**The problem**
When the line containing "Chalet de 2" appears in the data below, begin copying there and stop only after the line containing "Apartment with garden".

**Exercise materials**
■ ■ ■ ■ ■
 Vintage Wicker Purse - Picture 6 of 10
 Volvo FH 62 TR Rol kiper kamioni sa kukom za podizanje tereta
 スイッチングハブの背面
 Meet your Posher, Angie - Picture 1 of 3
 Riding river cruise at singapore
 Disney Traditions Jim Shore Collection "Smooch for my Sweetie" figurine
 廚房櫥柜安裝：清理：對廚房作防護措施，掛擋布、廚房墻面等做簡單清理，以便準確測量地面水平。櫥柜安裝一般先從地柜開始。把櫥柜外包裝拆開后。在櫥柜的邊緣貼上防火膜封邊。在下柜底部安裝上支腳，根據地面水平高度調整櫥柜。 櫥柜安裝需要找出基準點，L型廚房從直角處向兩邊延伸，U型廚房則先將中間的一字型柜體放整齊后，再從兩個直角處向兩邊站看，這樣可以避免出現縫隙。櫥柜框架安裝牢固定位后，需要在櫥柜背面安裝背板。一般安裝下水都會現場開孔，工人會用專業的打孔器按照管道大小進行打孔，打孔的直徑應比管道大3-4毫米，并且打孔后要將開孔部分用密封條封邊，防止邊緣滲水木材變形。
■ ■ ■ ■ ■
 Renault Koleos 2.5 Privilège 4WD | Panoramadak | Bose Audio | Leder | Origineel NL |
■ ■ ■ ■ ■
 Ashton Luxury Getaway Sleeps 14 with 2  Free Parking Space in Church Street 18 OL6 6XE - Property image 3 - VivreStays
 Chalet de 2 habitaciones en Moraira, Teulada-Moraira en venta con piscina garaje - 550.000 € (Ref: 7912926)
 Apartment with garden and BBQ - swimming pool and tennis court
■ ■ ■ ■ ■
**Response below**
 Chalet de 2 habitaciones en Moraira, Teulada-Moraira en venta con piscina garaje - 550.000 € (Ref: 7912926)
 Apartment with garden and BBQ - swimming pool and tennis court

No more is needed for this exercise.